Electrical – Impedance matching headphones and carbon microphone adapter

biasimpedancemicrophonevoltage

I'm trying to convert a regular pair of headphones (audio technica anc-9) with a electret microphone (headset buddy) to a converter box so I can use that setup as a aviation headset. All the information I have found isn't very straight forward and I'm hoping to get some help with a adapter box. I know the headphones have 100 ohm impedance and when I wire them together I get 50 ohms (the aircraft uses mono output). The aircraft needs a 150 ohm impedance. My question is: I figure I need a audio transformer of about 1:3 but I have no idea how to search digi key for the one I need, all I know is I want it to be small as possible.

The next part is that I'm stuck on is the microphone. I know the aircraft is expecting a carbon style microphone so the electret microphone needs to be adapted to work. From what I understand this requires around a 1volt output and I can get the power I need to amplify the voltage from the bias voltage provided from the microphone leads. I have found a diagram posted by Andy aka from this post:

Electret microphone amplifer for general aviation

Will this produce the required voltage?
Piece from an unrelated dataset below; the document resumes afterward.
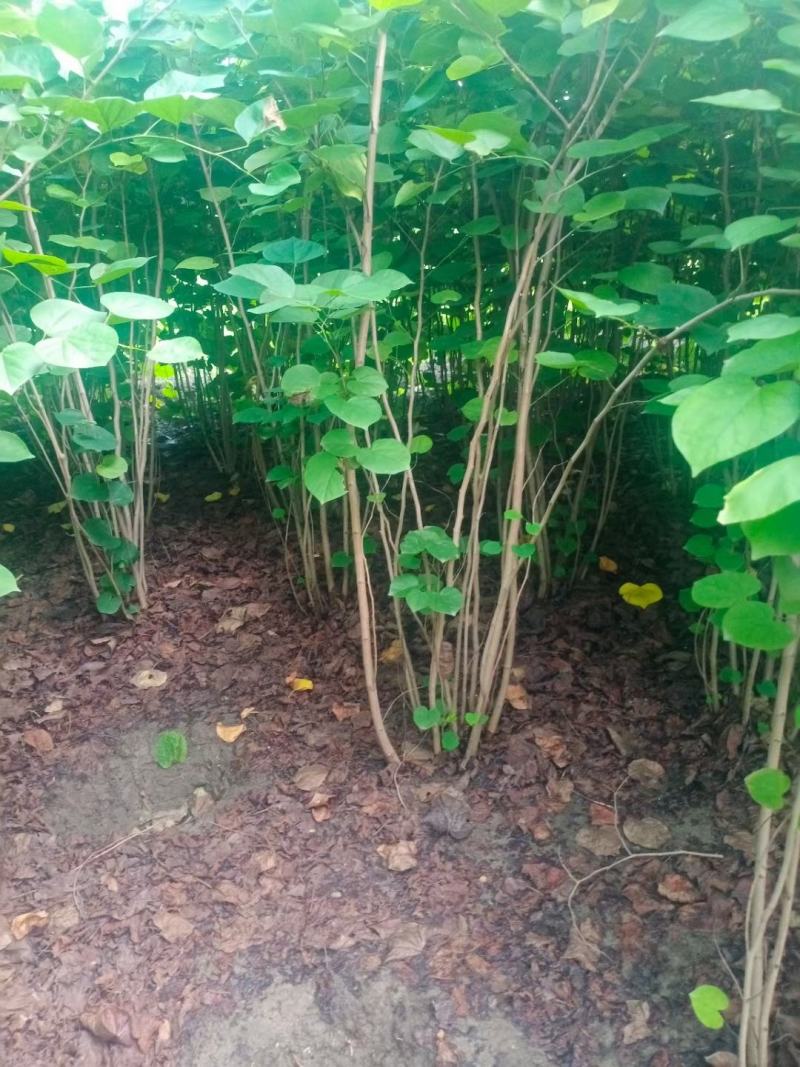 丛生紫荆，基地大量出售！量大优惠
And do I need to match the impedance for the microphone too? Also what would I have to change be able to change the gain of the microphone?

to summarize:

  1. how do I go about choosing a suitable transformer?

  2. Does the microphone also require the impedance to match?
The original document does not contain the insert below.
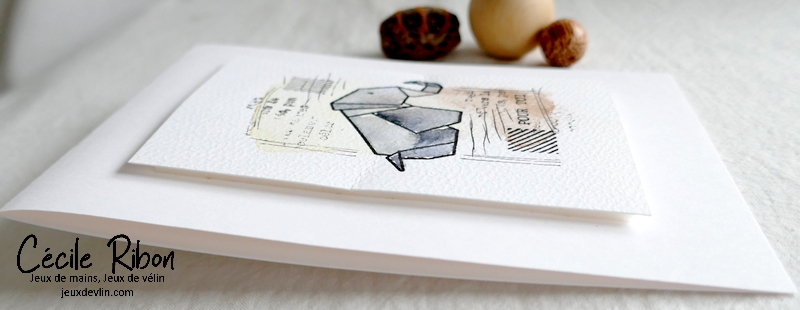 Carte CTD684 - P1310650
  3. what would I do if the bias/phantom voltage is not 5-7 volts?

Thanks for any help

Best Answer

If you can only wire your headphones in parallel (for 50 ohms total impedance), then simply throw a 100 ohm resistor in series to bring the total impedance up to 150 ohms. You will need to experiment to see whether that provides adequate sound levels for the typical noise environment in the cockpit of a general aviation craft. Because we don't know the output levels provided by the intercom system and we don't know what is the acoustic sensitivity of the headphones. Your chances of finding an appropriate transformer fall somewhere between slim to none.

A carbon microphone doesn't actually produce a voltage. It varies its resistance to cause a variation in the applied voltage from the intercom system. There is nothing in the Andy Aka circuit that would suggest it is not perfectly appropriate for your application.

  1. You probably do NOT need to impedance "match" the headphone circuit. Furthermere, your chances of finding an appropriate transformer are virtually nil.
  2. No, the microphone circuit does NOT need "impedance match". The carbon (or equivalent) circuit merely produces a varying resistance which causes a varying voltage from the intercom system current.
  3. It probably won't may any significant difference if the microphone voltage from the intercom system is not exact. You could change the values of the microphone circuit if you find the sensitivity is too great or too small. As discussed in the cited Q/A.